While the Overture (also styled Prelude) was extracted with minimal amendment, the music of the suites was in places reworked significantly, resulting in delightful sequences of miniature tone-pictures to rival the more familiar Pelleas and King Kristian II. Kamu’s approach is radically different to Järvi’s, the latter emphasising the pictorial in highly characterised, virtuoso performances while Kamu produces leaner, less volatile accounts, often deliberate in tempo.

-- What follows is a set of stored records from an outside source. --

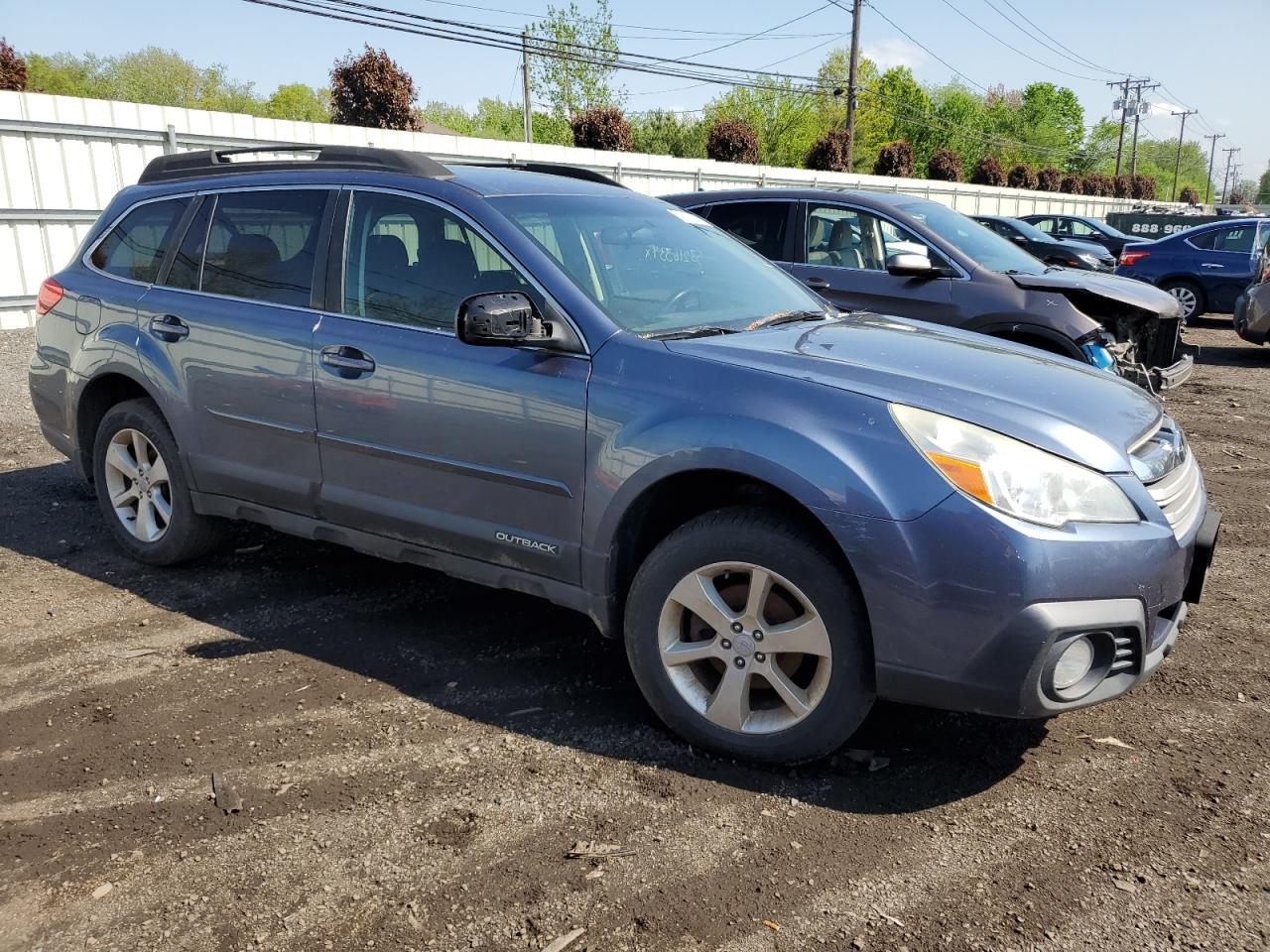 2014 Subaru Outback 2.5I Premium vin: 4S4BRBCCXE3208985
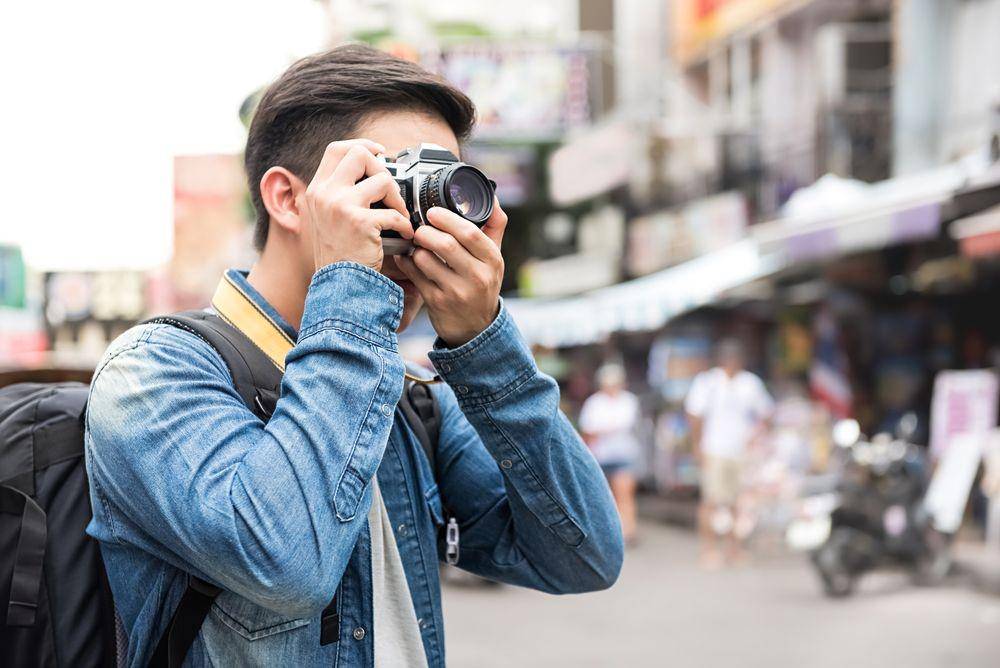 Seorang pria sedang memotret (Dok. Shutterstock)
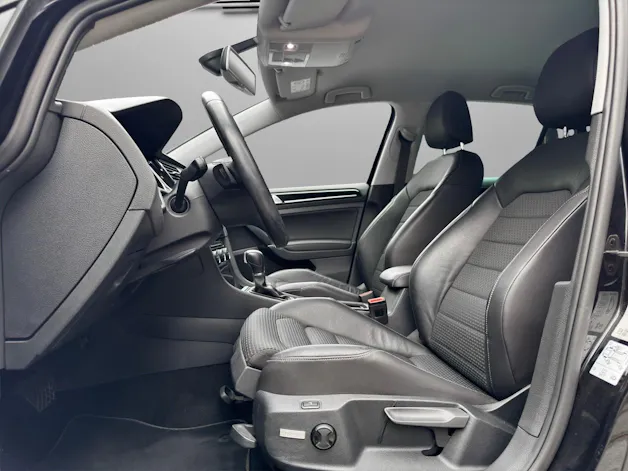 VW Golf 1.4 TSI Highline DSG *Sitzheizung*Rückfahrkamera*Keyless uvm.*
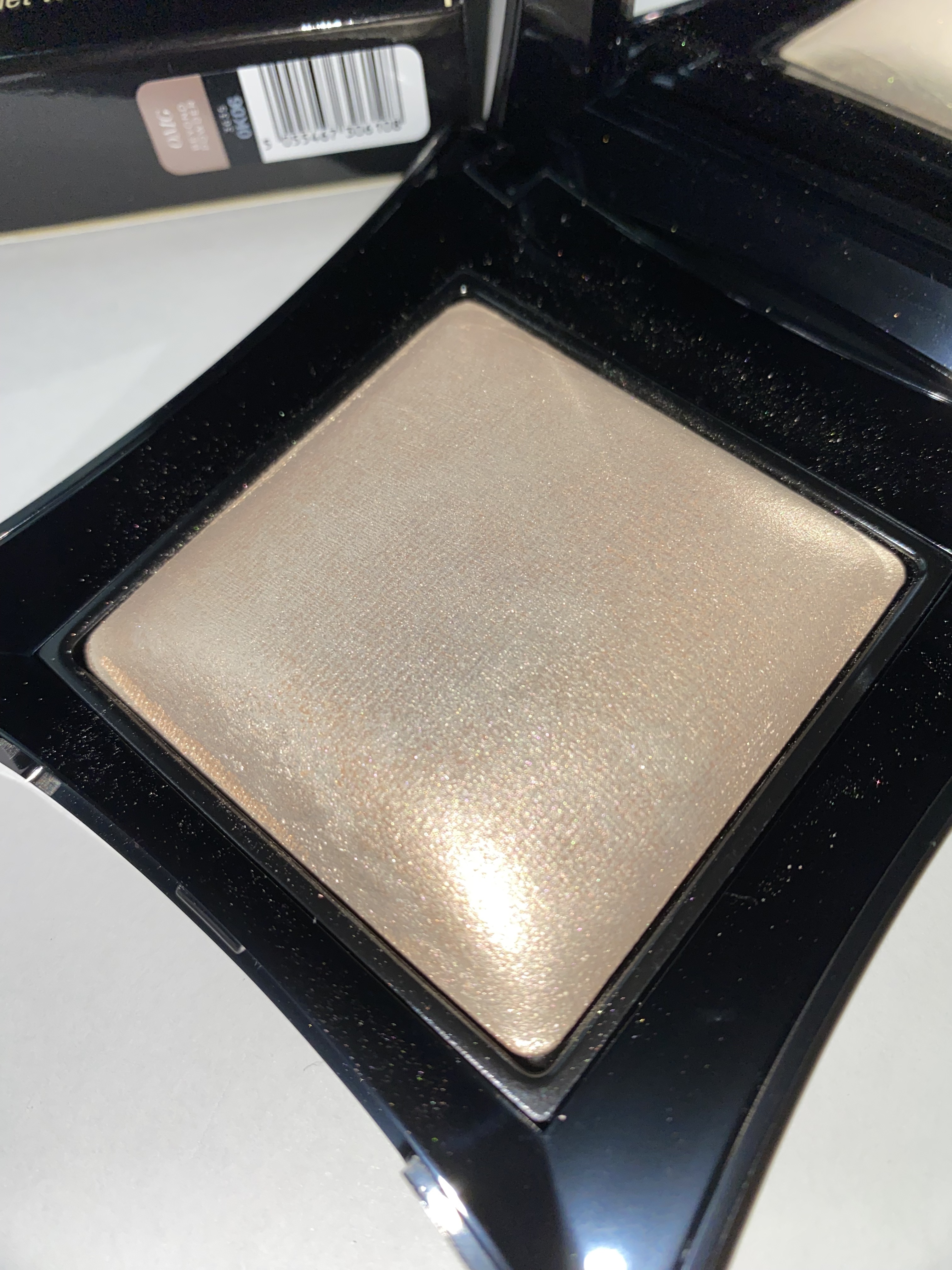 beyond powder/Illamasqua/パウダーハイライトを使ったクチコミ（2枚目）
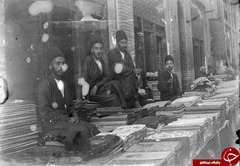 راسته پارچه فروشان در بازار تهران
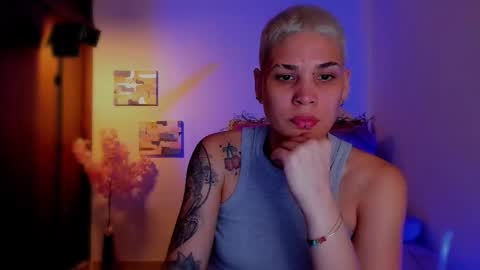 Laura Rose online show from March 3, 6:20 am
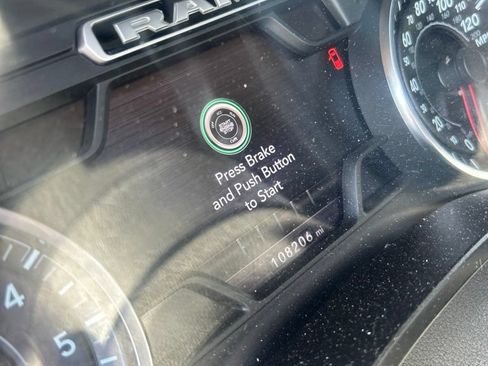 Used 2020 RAM 1500 Laramie RWD image 4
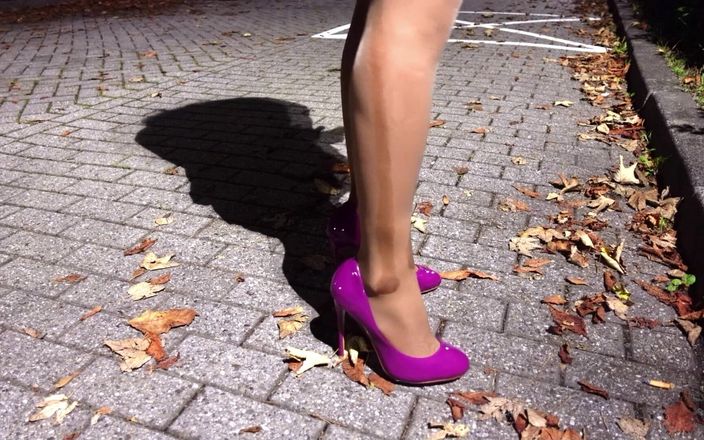 Loreley add: Je pisse dans 2 collants et 2 latex avec des talons hauts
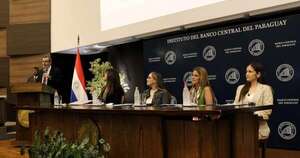 La Nación / “Políticas públicas serán más eficientes, si más mujeres están al frente”, afirman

Nowhere is this more apparent than in the tempestuous Overture (reprised in Suite No 1’s Finale), where Kamu takes Sibelius at his word with the Largamente molto – Largo assai tempo, taking over seven minutes against Järvi’s 4'50". The difference in pace produces a very different type of storm, one of the mind, its contrived quality according with the magical, artificial storm conjured by Shakespeare – and Prospero.

The Järvi/Gothenburg performances are undeniably more exciting musically but Kamu and the Lahti orchestra are perhaps truer to the spirit of the original and more psychologically aware. This subtlety of interpretation recurs in The Bard and Tapiola, neither of which is as outwardly colouristic as Gibson’s (the second disc of Chandos’s tone-poem collection – Pohjola’s Daughter, Nightride and Sunrise, The Oceanides and Tapiola – remains one of the finest Sibelius CDs ever issued). Absent too is Segerstam’s exuberant sense of drama, not unlike Kajanus’s pioneering 1930s recording, nor Beecham’s. For Kamu, this is a drama of the imagination and one discerns dimly the forest god moving between the trees, just as Sibelius intended. With superb sound, this is strongly recommended.